Significant Racial, Ethnic Related Socioeconomic Disparities Influence Survival in AML

Census tract socioeconomic status information demonstrated significant disparities between survival outcomes of non-Hispanic white, non-Hispanic black, and Hispanic patients with acute myeloid leukemia AML in the Chicago metropolitan area.

Significant disparities were found between survival outcomes of non-Hispanic white, non-Hispanic black, and Hispanic patients with acute myeloid leukemia (AML) in the Chicago metropolitan area , according to findings from a multilevel analysis presented virtually during the 2020 ASH Annual Meeting.

Moreover, socioeconomic tract information, including disadvantage and affluence, accounted for 81% of the black-white disparity in AML-related death within this patient population (HR decreased from 1.58 to 1.11 with adjustment for tract socioeconomic status).

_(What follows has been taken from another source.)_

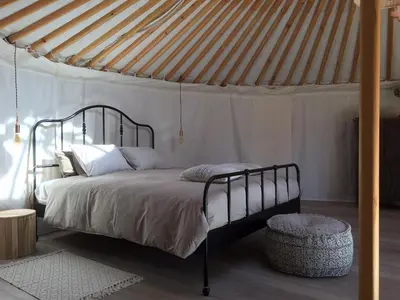 Cama o camas de una habitación en Finca Las Hierbas B&B
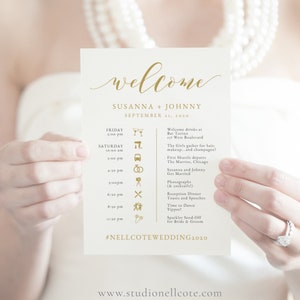 May include: A white wedding welcome card with gold lettering and icons. The card lists the wedding schedule for Friday and Saturday, including the time and location of the wedding ceremony, reception, and other events. The card also includes the hashtag #NELLCOTEWEDDING2020.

Treatment differences related to induction treatment and allogeneic stem cell transplant (allo-SCT) accounted for 41% of the disparity.

“Interestingly, comorbidities and molecular disease-specific differences did not mediate black-white or non–white-white disparities in leukemia-specific death,” said Irum Khan, MD, senior study author and an assistant professor of medicine at the University of Illinois College of Medicine, in a virtual presentation of the data.

Ultimately, these results represent a need to develop validated measures of structural violence within oncology.

The study represents the first of its kind to incorporate clinical and molecular data from patients with AML with neighborhood characteristics and treatment patterns. The goal of the study was to shed light on the effect of racial and ethnic disparities on survival outcomes of patients with AML.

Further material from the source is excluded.